Three takeaways: Bruins-Rangers
That was the response the Bruins needed.
After taking a shellacking from the Red Wings Wednesday night in Detroit, the Bruins bounced back nicely with a 3-2 win over the New York Rangers in front of a nationally televised audience and the 181st consecutive sellout crowd of 17,565 at the TD garden.
“We didn’t want to lose two games in a row and we did a really good job today getting prepared and getting the W,” said Brad Marchand, who recorded his first multi-point game of the 2013-14 season.
Marchand’s performance was just one of the three takeaways from the B’s victory. Here’s a complete look at the Bruins’ solid matinee performance.
Marchand plays his best game of the year
Through 26 games in 2013-14, the “Little Ball of Hate” has seen his share of ups and downs. Friday afternoon was certainly one of those ups.
Not only did Marchand tally a goal and an assist, he also went back to being a good brat, going in the dirty areas and creating opportunities. Early in the third, he shielded the puck from the Rangers defense on an odd-man rush and made a great feed to Patrice Bergeron for his seventh of the year to tie the game at 2-2.

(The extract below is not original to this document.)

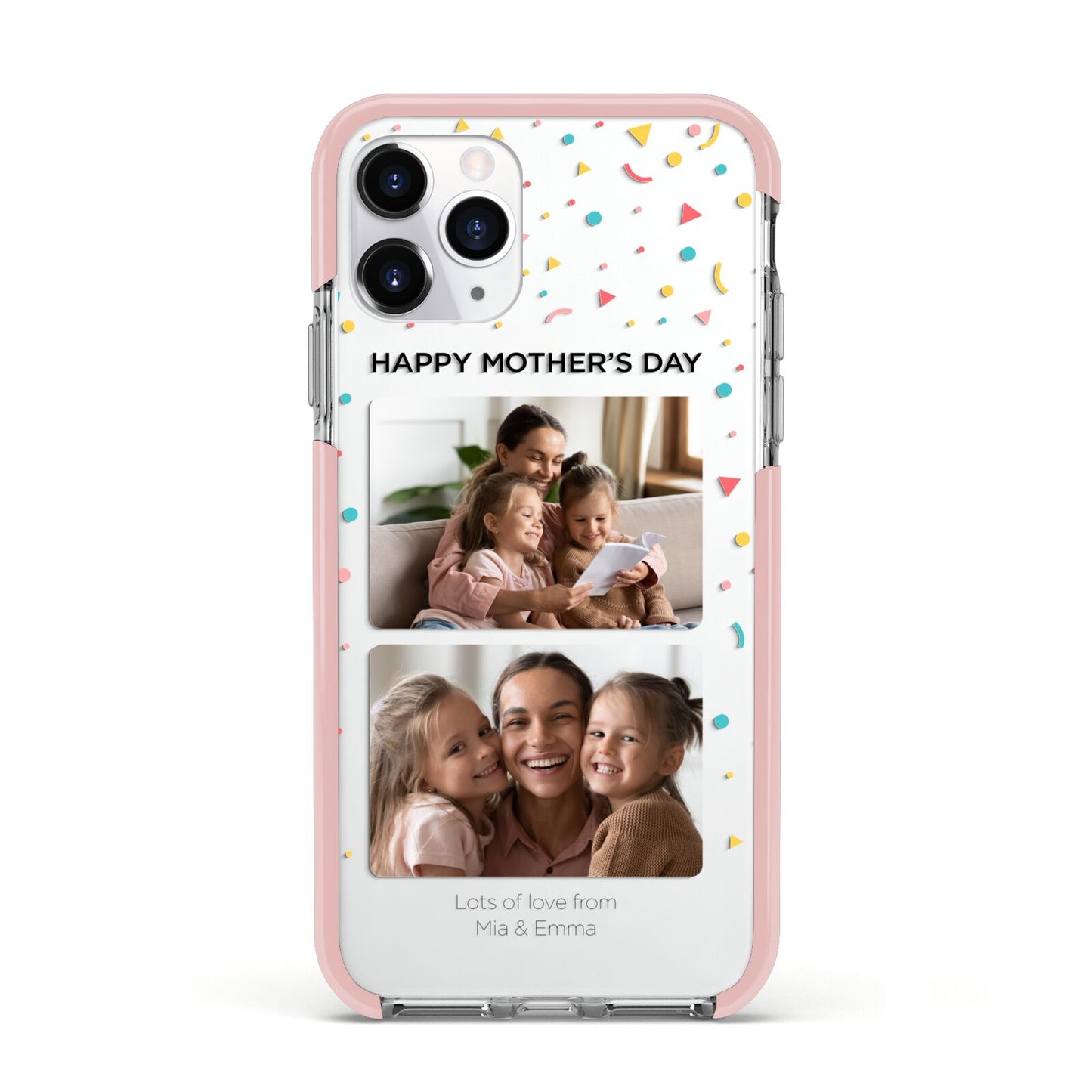 Mothers Day Confetti Photos with Names Apple iPhone 11 Pro in Silver with Pink Impact Case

“I think lately he’s picked up [his game] with the way he moves his feet and he creates a lot of chances for himself and gave himself more room,” Bergeron said about his fellow linemate who now has a goal and two assists in his last three games. “He was really good for us and gave us a lot of chances with his vision and also by skating.”
Chara gets the Gordie Howe Trick
Sure Marchand and others contributed to the Bruins’ 17th win of the season. But it was clear that they were inspired by their leader.

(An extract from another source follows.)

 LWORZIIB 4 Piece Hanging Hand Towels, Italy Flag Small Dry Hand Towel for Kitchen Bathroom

“We felt really bad about that game,” Chara said about Wednesday’s loss at the Joe Louis Arena. “It was just one of those nights where we didn’t execute anything and nothing was really happening for us. But those kind of nights happen, and it’s just the way you have to bounce back and regroup from nights like that. I thought today, we did a pretty good job.”
It was clear from the get-go that Chara inspired this team.
When a 6-foot-9 giant drops the gloves, the team takes note. That was no different when Chara and fellow big guy Brian Boyle scrapped with each other late in the second period during a scrum in front of Henrik Lundqvist.
Chara, who tallied an assist on Marchand’s fourth of the season at 14:32 of the first, followed up with the game-winner midway through the third period. Not bad for someone who easily came up with the upper hand in his first fight of the season.
“He’s obviously our leader and you feed off of him,” Bergeron said about Chara. “When you see the fire that he had, you want to step your game up. There’s no better leader in my mind, so it was great to see him get going like that.”
He may only be a minus-1 this season. But with six goals, five assists, and performances like Friday’s matinee, there’s still a reason why the 36-year old Chara is considered a perennial Norris Trophy candidate.
Rangers’ streak snapped
For 101 games, the Rangers never lost in regulation when leading after two periods dating back to February, 2010. The Blueshirts lead 2-1 after the second period and looked to extend that streak to 102.
But Bergeron’s tally and Chara’s game-winner snapped that streak and the Bruins, who were 1-5-0 when trailing after two periods this season, earned a hard fought victory.
“We just told ourselves to keep playing our game,” said Dennis Seidenberg, who returned to the lineup after missing four games due to injury. “The only thing we had to do different [in the third period] was put the puck in the net and that’s what we did.”
Even though the Rangers did this mostly under former coach John Tortorella, its still an impressive accomplishment. The Bruins, however, were intent on getting on the right side of the scoreboard this time around.